Le maintien de la saison culturelle d’hiver du Domaine d’O annoncé tardivement par le Conseil Départemental de l’Hérault n’a pas levé les inquiétudes du public sur l’avenir de la politique culturelle départementale.

Au court de plusieurs décennies, celle-ci s’est enracinée dans l’Hérault avec le soutien sans faille du président Saumade, puis Vezinhet.

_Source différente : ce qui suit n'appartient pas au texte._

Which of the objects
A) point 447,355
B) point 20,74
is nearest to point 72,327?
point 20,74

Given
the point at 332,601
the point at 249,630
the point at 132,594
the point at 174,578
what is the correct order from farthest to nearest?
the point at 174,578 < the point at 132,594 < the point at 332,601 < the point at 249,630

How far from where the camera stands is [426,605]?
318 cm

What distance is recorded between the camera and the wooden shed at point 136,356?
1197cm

Elle a forgé un réseau d’acteurs culturels d’associations et de collectivités efficaces dans les zones les plus reculées.

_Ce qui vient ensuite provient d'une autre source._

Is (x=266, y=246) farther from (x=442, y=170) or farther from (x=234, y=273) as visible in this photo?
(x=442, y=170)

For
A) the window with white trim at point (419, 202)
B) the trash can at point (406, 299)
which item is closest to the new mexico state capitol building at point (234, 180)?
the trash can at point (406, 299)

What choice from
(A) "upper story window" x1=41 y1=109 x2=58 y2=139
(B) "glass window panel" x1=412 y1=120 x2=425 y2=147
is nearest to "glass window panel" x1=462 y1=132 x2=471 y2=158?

Le maillage culturel du territoire, s’est organisé autour de deux pôles : Le Domaine d’O à Montpellier,  et sortieOuest à Béziers, ainsi que plusieurs festivals  singuliers : Saperlipopette, Arabesques, Le Printemps des Comédiens… L’ensemble de ces structures s’inscrit dans un projet global – soutenir la création, défendre l’art, la réflexion et l’ouverture des esprits sur le territoire –  aujourd’hui menacés.

Si le conflit sur la compétence culturelle qui oppose le Conseil départemental de l’Hérault à la  Métropole de Montpellier est à l’origine de la problématique, c’est aujourd’hui la volonté politique du président  Kleber Mesquida, de poursuivre cette action, unanimement reconnue pour sa qualité, qui semble clairement mis en cause.

Jeudi soir une nouvelle réunion organisée par le collectif des spectateurs du Domaine d’O s’est tenue au Théâtre d’O. Spectateurs, personnels, directeurs de festivals, programmateurs, syndicalistes, acteurs culturels appartenant à d’autres structures, membres de différents collectifs… La palette des forces en présence s’accorde sur la nécessité démocratique d’une vraie politique culturelle.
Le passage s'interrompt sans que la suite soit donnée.